_RECORDS SUPPLIED:_
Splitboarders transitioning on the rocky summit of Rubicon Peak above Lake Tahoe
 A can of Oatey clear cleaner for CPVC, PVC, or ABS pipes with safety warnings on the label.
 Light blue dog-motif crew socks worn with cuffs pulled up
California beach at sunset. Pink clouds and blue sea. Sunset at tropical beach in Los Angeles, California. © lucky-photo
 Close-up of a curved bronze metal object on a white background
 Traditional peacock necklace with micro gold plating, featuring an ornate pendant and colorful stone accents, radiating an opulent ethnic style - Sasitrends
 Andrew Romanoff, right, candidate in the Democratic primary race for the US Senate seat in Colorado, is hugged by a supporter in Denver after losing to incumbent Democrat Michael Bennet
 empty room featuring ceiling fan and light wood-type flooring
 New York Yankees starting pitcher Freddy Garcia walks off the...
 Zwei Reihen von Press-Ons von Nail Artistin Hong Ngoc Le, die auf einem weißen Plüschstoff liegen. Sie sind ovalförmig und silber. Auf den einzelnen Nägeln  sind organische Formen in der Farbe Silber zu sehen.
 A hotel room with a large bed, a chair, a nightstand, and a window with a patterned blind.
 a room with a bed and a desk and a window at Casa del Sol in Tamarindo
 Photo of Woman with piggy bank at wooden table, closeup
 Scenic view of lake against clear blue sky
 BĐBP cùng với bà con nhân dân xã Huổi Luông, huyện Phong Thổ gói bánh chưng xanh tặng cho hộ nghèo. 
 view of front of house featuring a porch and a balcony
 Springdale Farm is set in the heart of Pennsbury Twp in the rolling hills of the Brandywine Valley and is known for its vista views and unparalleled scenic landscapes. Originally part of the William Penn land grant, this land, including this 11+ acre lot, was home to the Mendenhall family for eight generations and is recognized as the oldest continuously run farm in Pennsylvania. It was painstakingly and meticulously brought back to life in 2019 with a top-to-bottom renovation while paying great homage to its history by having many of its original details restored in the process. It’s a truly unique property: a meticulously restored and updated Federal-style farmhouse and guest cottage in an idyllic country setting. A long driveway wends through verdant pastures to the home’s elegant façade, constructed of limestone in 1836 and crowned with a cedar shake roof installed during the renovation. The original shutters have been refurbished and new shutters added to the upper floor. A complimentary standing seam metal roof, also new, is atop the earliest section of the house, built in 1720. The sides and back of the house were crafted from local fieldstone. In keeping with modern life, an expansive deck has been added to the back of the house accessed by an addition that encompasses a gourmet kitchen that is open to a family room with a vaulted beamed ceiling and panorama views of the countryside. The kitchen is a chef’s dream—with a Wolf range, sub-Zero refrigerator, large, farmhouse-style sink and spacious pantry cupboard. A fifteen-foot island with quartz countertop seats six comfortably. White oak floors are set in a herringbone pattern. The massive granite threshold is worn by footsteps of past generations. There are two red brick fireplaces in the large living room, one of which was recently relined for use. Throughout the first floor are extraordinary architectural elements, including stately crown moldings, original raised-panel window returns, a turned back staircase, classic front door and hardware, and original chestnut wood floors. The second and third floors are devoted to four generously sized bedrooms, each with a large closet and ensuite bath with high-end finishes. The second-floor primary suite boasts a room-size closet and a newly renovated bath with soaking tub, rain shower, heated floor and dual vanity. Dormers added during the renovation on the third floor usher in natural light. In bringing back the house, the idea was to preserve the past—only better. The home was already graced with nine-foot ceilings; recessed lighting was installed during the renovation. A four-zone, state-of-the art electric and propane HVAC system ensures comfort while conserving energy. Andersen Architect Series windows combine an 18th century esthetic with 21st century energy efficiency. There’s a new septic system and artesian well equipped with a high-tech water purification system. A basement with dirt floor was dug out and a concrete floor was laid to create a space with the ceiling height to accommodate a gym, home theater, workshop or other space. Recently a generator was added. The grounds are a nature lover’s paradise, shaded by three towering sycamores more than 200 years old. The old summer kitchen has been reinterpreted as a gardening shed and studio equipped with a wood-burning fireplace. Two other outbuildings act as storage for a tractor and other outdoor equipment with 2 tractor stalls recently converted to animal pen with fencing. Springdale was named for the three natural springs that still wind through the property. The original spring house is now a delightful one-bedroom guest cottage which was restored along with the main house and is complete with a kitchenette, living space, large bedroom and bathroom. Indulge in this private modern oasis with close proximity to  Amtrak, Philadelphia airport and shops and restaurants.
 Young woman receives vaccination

_TASK:_
Repeat the material above in its entirety, exactly.

_SOLUTION TO THIS EXERCISE:_
Splitboarders transitioning on the rocky summit of Rubicon Peak above Lake Tahoe
 A can of Oatey clear cleaner for CPVC, PVC, or ABS pipes with safety warnings on the label.
 Light blue dog-motif crew socks worn with cuffs pulled up
California beach at sunset. Pink clouds and blue sea. Sunset at tropical beach in Los Angeles, California. © lucky-photo
 Close-up of a curved bronze metal object on a white background
 Traditional peacock necklace with micro gold plating, featuring an ornate pendant and colorful stone accents, radiating an opulent ethnic style - Sasitrends
 Andrew Romanoff, right, candidate in the Democratic primary race for the US Senate seat in Colorado, is hugged by a supporter in Denver after losing to incumbent Democrat Michael Bennet
 empty room featuring ceiling fan and light wood-type flooring
 New York Yankees starting pitcher Freddy Garcia walks off the...
 Zwei Reihen von Press-Ons von Nail Artistin Hong Ngoc Le, die auf einem weißen Plüschstoff liegen. Sie sind ovalförmig und silber. Auf den einzelnen Nägeln  sind organische Formen in der Farbe Silber zu sehen.
 A hotel room with a large bed, a chair, a nightstand, and a window with a patterned blind.
 a room with a bed and a desk and a window at Casa del Sol in Tamarindo
 Photo of Woman with piggy bank at wooden table, closeup
 Scenic view of lake against clear blue sky
 BĐBP cùng với bà con nhân dân xã Huổi Luông, huyện Phong Thổ gói bánh chưng xanh tặng cho hộ nghèo. 
 view of front of house featuring a porch and a balcony
 Springdale Farm is set in the heart of Pennsbury Twp in the rolling hills of the Brandywine Valley and is known for its vista views and unparalleled scenic landscapes. Originally part of the William Penn land grant, this land, including this 11+ acre lot, was home to the Mendenhall family for eight generations and is recognized as the oldest continuously run farm in Pennsylvania. It was painstakingly and meticulously brought back to life in 2019 with a top-to-bottom renovation while paying great homage to its history by having many of its original details restored in the process. It’s a truly unique property: a meticulously restored and updated Federal-style farmhouse and guest cottage in an idyllic country setting. A long driveway wends through verdant pastures to the home’s elegant façade, constructed of limestone in 1836 and crowned with a cedar shake roof installed during the renovation. The original shutters have been refurbished and new shutters added to the upper floor. A complimentary standing seam metal roof, also new, is atop the earliest section of the house, built in 1720. The sides and back of the house were crafted from local fieldstone. In keeping with modern life, an expansive deck has been added to the back of the house accessed by an addition that encompasses a gourmet kitchen that is open to a family room with a vaulted beamed ceiling and panorama views of the countryside. The kitchen is a chef’s dream—with a Wolf range, sub-Zero refrigerator, large, farmhouse-style sink and spacious pantry cupboard. A fifteen-foot island with quartz countertop seats six comfortably. White oak floors are set in a herringbone pattern. The massive granite threshold is worn by footsteps of past generations. There are two red brick fireplaces in the large living room, one of which was recently relined for use. Throughout the first floor are extraordinary architectural elements, including stately crown moldings, original raised-panel window returns, a turned back staircase, classic front door and hardware, and original chestnut wood floors. The second and third floors are devoted to four generously sized bedrooms, each with a large closet and ensuite bath with high-end finishes. The second-floor primary suite boasts a room-size closet and a newly renovated bath with soaking tub, rain shower, heated floor and dual vanity. Dormers added during the renovation on the third floor usher in natural light. In bringing back the house, the idea was to preserve the past—only better. The home was already graced with nine-foot ceilings; recessed lighting was installed during the renovation. A four-zone, state-of-the art electric and propane HVAC system ensures comfort while conserving energy. Andersen Architect Series windows combine an 18th century esthetic with 21st century energy efficiency. There’s a new septic system and artesian well equipped with a high-tech water purification system. A basement with dirt floor was dug out and a concrete floor was laid to create a space with the ceiling height to accommodate a gym, home theater, workshop or other space. Recently a generator was added. The grounds are a nature lover’s paradise, shaded by three towering sycamores more than 200 years old. The old summer kitchen has been reinterpreted as a gardening shed and studio equipped with a wood-burning fireplace. Two other outbuildings act as storage for a tractor and other outdoor equipment with 2 tractor stalls recently converted to animal pen with fencing. Springdale was named for the three natural springs that still wind through the property. The original spring house is now a delightful one-bedroom guest cottage which was restored along with the main house and is complete with a kitchenette, living space, large bedroom and bathroom. Indulge in this private modern oasis with close proximity to  Amtrak, Philadelphia airport and shops and restaurants.
 Young woman receives vaccination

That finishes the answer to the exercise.